Aujourd'hui, un peuple tout entier est dispersé entre martyrs, déplacés, traumatisés, accablés de douleur et d'épuisement… et toujours sans avoir été consultés!
Aujourd'hui, des villages sont détruits, des maisons sont rasées, des bâtiments s’écroulent sur leurs habitants, des mosquées, des églises, des marchés, des monuments et des forteresses disparaissent sans que personne ne nous demande notre avis, et sans égard pour leur mémoire, ni leur histoire.
Aujourd'hui, plus de 4 millions de Libanais affrontent une guerre sans en connaître les raisons. Tout ce qu’ils savent, c’est que le 8 octobre 2023, le Hezbollah, sous la direction de son secrétaire général défunt, Hassan Nasrallah, a décidé de transformer le Liban en un front de soutien. Après 9 mois de tentatives pour dissuader le Hezb de s’engager dans cette voie et pour l’alerter sur les risques d’une telle équipée, nous payons aujourd'hui le prix fort de cette décision.
Ils ne connaissent que le massacre des bipeurs (dispositifs de communication) et la folie meurtrière des attaques israéliennes incessantes. Ce qu'ils subissent, c’est la hausse vertigineuse du nombre de martyrs et des habitants du sud transformés en réfugiés. Chaque membre du Hezbollah et de son entourage est devenu une cible pour Israël, mettant en péril leur sécurité ainsi que celle de leurs familles et de tout lieu où ils se trouvent.
Tout ce qu’ils savent, c’est qu’au premier anniversaire de ce front, Sayyed Nasrallah n’a pas pu s’adresser à son peuple car il est tombé, en martyr.
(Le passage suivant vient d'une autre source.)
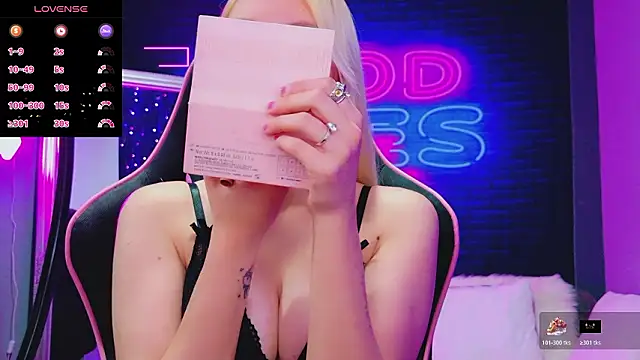 Snapshot of AlessiaCroft chatting on 03/23/26, 05:11 AlessiaCroft online show from 03/23/26, 05:11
Son successeur a subi le même sort. Quant au chef de l’unité de coordination et de communication du Hezb, il reste introuvable et la direction du parti est touchée en plein cœur. Pendant ce temps, en Iran, les leaders bien à l’abri appellent à la résistance, les yeux rivés sur les négociations et les gains qu’ils espèrent en tirer.
Tout ce qu’ils savent, c’est que Abbas Araghchi, ministre iranien des Affaires étrangères, a eu le cran de nous demander de poursuivre cette guerre, critiquant la position du Premier ministre sortant Najib Mikati.
Tout ce qu’ils savent, c’est que Mohammad Bagher Ghalibaf, président du Parlement iranien, a eu l’audace de se proposer comme négociateur au nom du Liban, une initiative qui a entraîné une réponse ferme et inédite du Premier ministre sortant Mikati, en écho à l’arrogance iranienne qui s’est tout simplement emparée de notre pays.
Tout ce qu’ils savent, c’est que leur destin est désormais suspendu aux discours de Mohammad Afif, aux apparitions tendues de cheikh Naïm Kassem et aux prises de position changeantes de Nabih Berry, encore plus imprévisibles que les volte-face politiques de Joumblatt.
Tout ce qu’ils savent, c’est que le Liban est devenu un cimetière, ses villages transformés en un enfer, son ciel empli de drones, d’avions et de missiles, obscurci par la fumée noire des raids, des destructions, des incendies et des crimes…
Tout ce qu’ils savent, c’est qu’ils n’ont jamais été consultés. Celui qui nous a conduits à ce destin ne peut arrêter cette guerre par un simple “si seulement j'avais su”. Ah, si seulement, ô Sayyed, vous aviez su! Si seulement vous aviez prêté attention à notre voix… Peut-être ne serions-nous pas en train de pleurer nos martyrs aujourd'hui, peut-être que nos hôpitaux ne seraient pas submergés par un afflux effrayant de blessés, peut-être que notre avenir ne serait pas si incertain, peut-être ne serions-nous pas tributaires de tweets provocants du porte-parole de l'armée israélienne. Peut-être n’aurions-nous pas quitté nos maisons, peut-être que nos familles ne seraient pas en exil… et peut-être que vous-même ne seriez pas tombé en martyr, victime d'une dénonciation dont nous ignorons toujours l’origine.
Si seulement vous aviez écouté “la victime enterrée vivante”, ou même l’Évangile de Matthieu: “Alors Jésus lui dit: Remets ton épée à sa place, car tous ceux qui usent de l'épée périront par l'épée.”